**RECORDED INFORMATION**
⁂

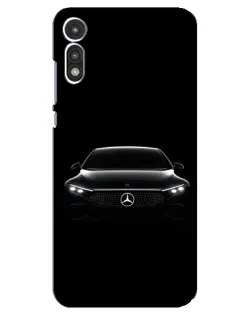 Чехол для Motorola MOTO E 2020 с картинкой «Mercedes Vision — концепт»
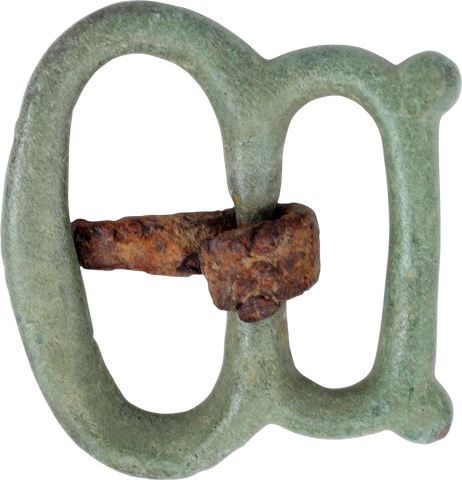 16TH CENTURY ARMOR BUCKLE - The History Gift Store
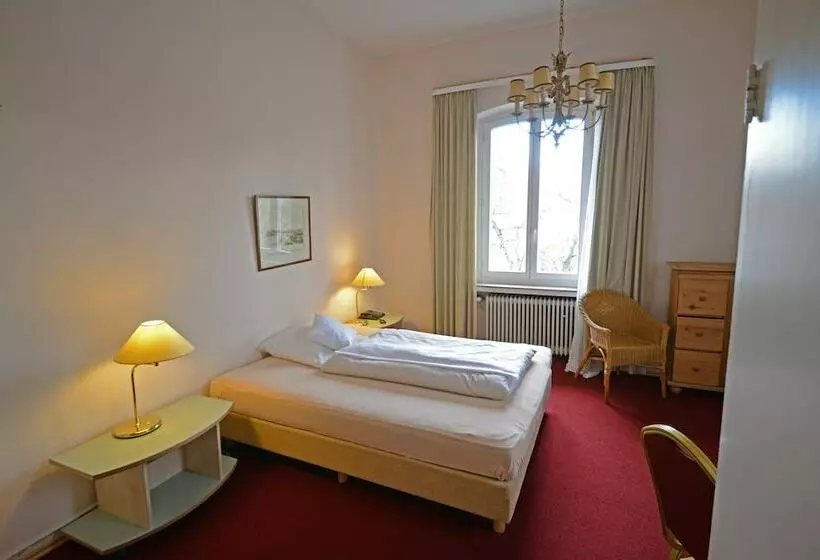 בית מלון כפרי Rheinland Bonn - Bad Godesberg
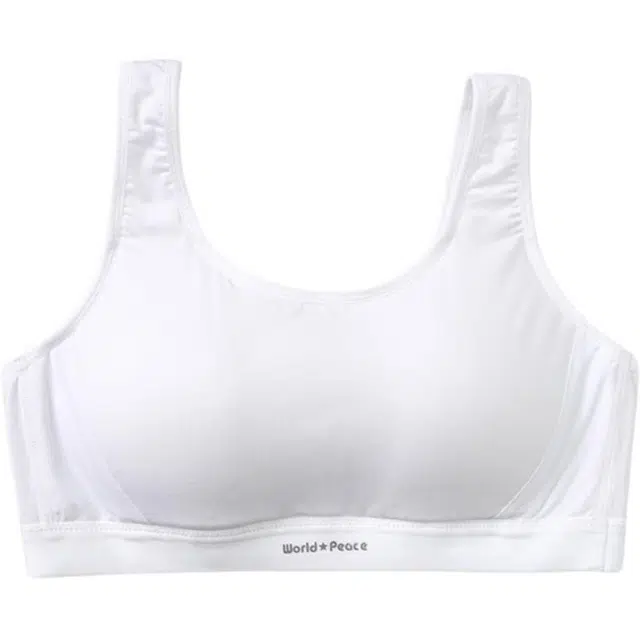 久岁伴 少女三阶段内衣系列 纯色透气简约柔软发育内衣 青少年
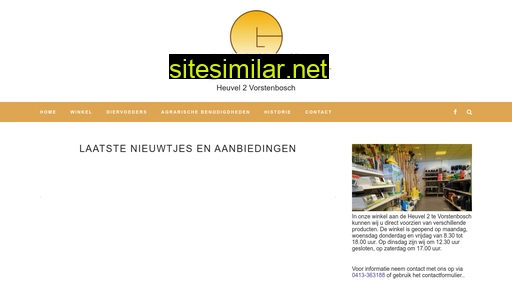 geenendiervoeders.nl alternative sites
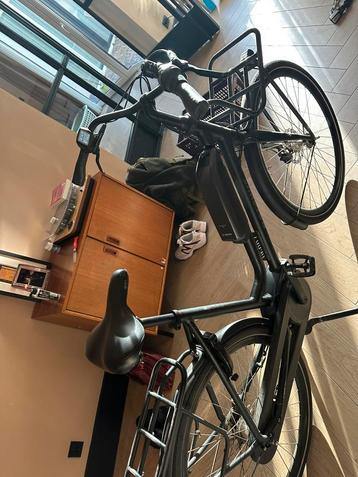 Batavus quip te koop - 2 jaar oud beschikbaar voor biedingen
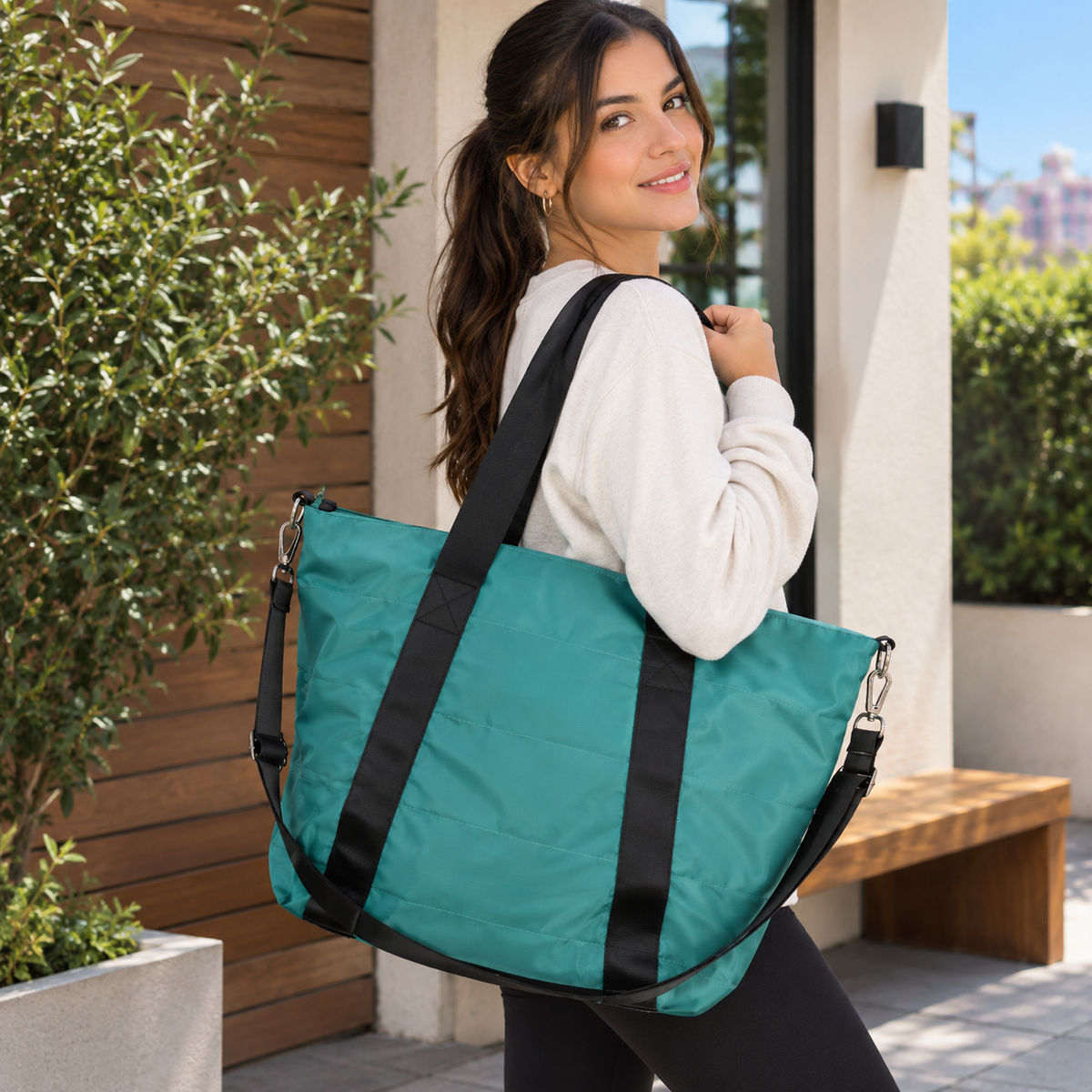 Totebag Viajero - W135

⁂

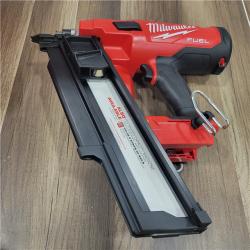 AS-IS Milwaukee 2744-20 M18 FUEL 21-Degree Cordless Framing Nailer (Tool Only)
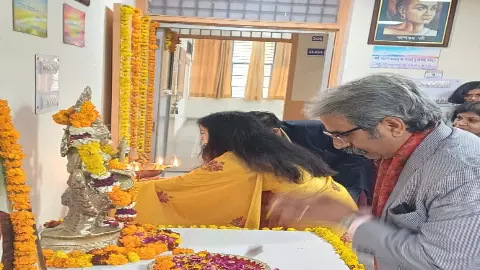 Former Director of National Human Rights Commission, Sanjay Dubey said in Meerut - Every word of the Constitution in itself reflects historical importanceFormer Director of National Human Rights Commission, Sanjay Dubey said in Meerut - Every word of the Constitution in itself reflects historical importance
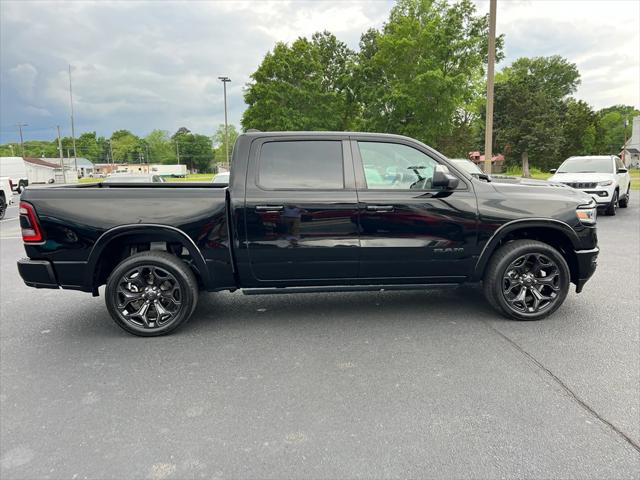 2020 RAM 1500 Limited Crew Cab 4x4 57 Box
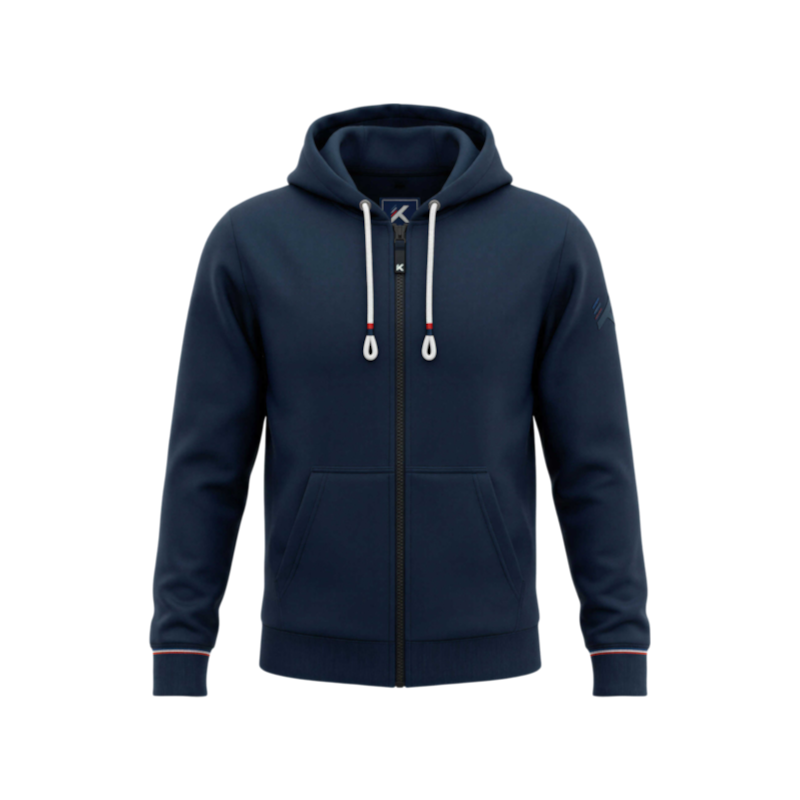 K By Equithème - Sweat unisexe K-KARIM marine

⁂

Return the material from the line containing "geenendiervoeders.nl alternative sites" through the line containing "Totebag Viajero - W135", exactly and in full, but without its pictures.

**EXPECTED ANSWER**
 geenendiervoeders.nl alternative sites
 Batavus quip te koop - 2 jaar oud beschikbaar voor biedingen
 Totebag Viajero - W135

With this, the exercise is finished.